Comme aujourd’hui. J’avais rendez-vous avec Booky, pour une énième discussion sur comment gérer l’organisation XIII, tout ça tout ça. Et, v’là t-il pas que, alors que je me dirigeais tranquillement vers le lieu de rendez-vous au centre-ville, mon attention se porta sur un adorable chien-chien, que sa maîtresse était en train de promener. J’ai passé quelques minutes à jouer avec lui, à me faire lécher abondamment le visage.
Puis, l’instant d’après, c’est le camion à glaces qui m’attire, avec sa mélodie doucereuse et sa promesse de saveurs glacées.

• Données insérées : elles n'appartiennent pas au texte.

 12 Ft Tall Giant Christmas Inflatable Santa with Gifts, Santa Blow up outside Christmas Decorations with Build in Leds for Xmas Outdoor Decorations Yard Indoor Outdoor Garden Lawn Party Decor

Ni une ni deux, je double tout le monde dans la queue, en leur demandant-forçant tout de même avant. Un énorme cornet chocolat-pistache plus tard, je continuais ma promenade, sur le skateboard que j’avais réquisitionné auprès d’un gamin. Enfin, j’ai ordonné, et il me l’a offert de bon cœur. Il était heureux de ce présent, j’en suis certain. Ce skate me convenait mieux qu’à lui. En échange, je lui avais offert trois bonbons à la menthe qui traînaient dans ma poche depuis plusieurs semaines. Echange de bons procédés.

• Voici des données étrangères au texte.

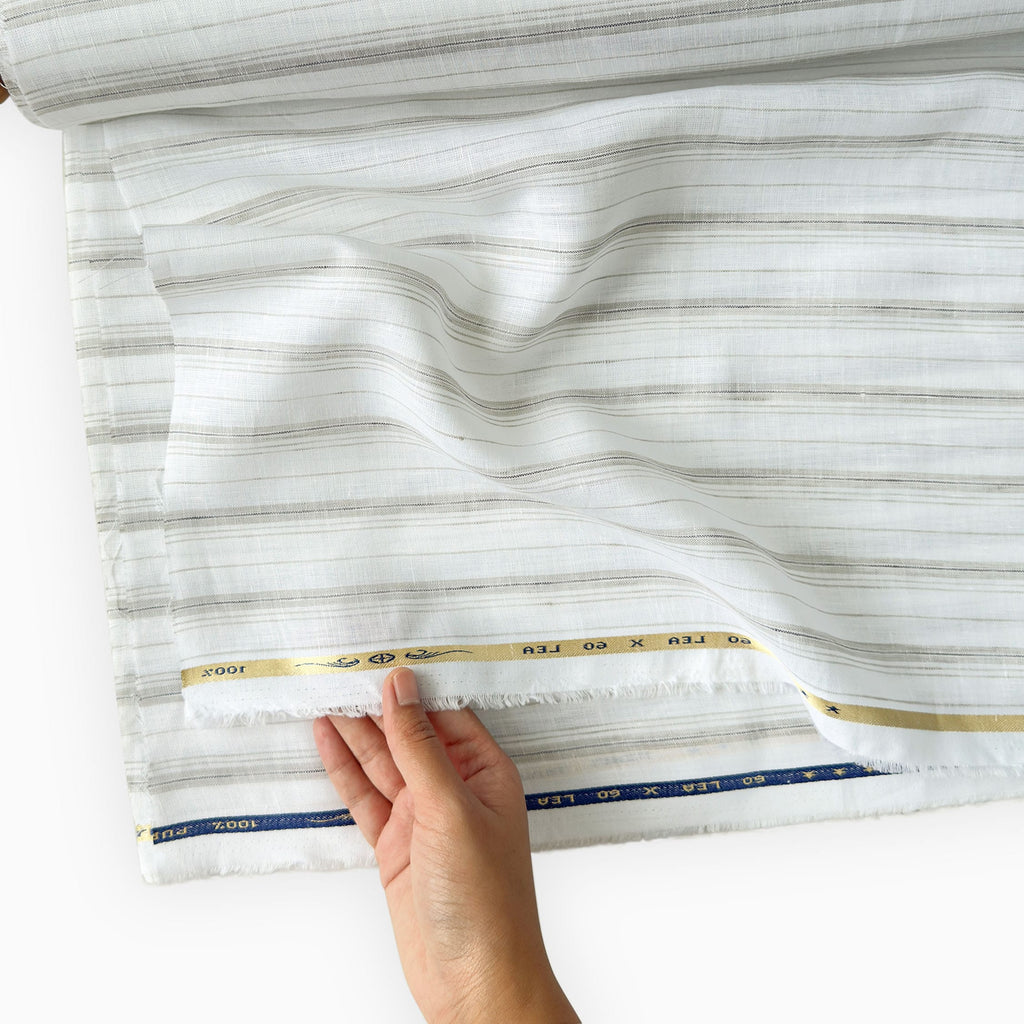 Premium Linen Stripes & Checks Fabric Pure White & Grey Stripes 60 LEA Linen Fabric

Roulant sur la planche comme si j’étais né avec, je me dirigeais vers les jardins de Princes Street, toujours agréables à cette période de l’année. Les lieux étaient remplis de gens qui faisaient des pique-niques, ou de jeunes en train de jouer à différents jeux de ballon. Et c’est ainsi que, laissant mon skate sur le bord du terrain, j’avais obtenu un ballon de basket et avais commencé à faire des paniers, de façon toujours plus originales à chaque fois.

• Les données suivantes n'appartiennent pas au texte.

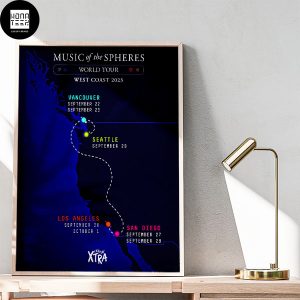 Coldplay Music Of The Spheres World Tour West Coast 2023 Fan Gifts Home Decor Poster Canvas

Je commençais gentiment à me lasser, lorsqu’un garçon à casquette débarqua pour me demander s’il pouvait se joindre à moi. La perspective d’un jeu à deux aiguisa tout de suite mon intérêt, et je l’accueillis avec un grand sourire.
"Bien sûr Bro !" –tous les jeunes avec les casquettes s’appelaient comment ça, même entre filles. Je le savais.- "Cool ton style ! Et ton parfum aussi, j’aime bien !"
Ça me rappelait Amsterdam, allez savoir pourquoi. Les gens sont tellement drôles là-bas, et par association, bah, je l’aimais bien, ce p’tit jeune à casquette ! La drogue, ça me fait plus trop d’effet, mais c’est toujours marrant de voir les autres en subir les effets. C’est comme l’alcool, sauf que j’aime bien le champagne. Les bulles qui chatouillent le palais, y a rien de tel !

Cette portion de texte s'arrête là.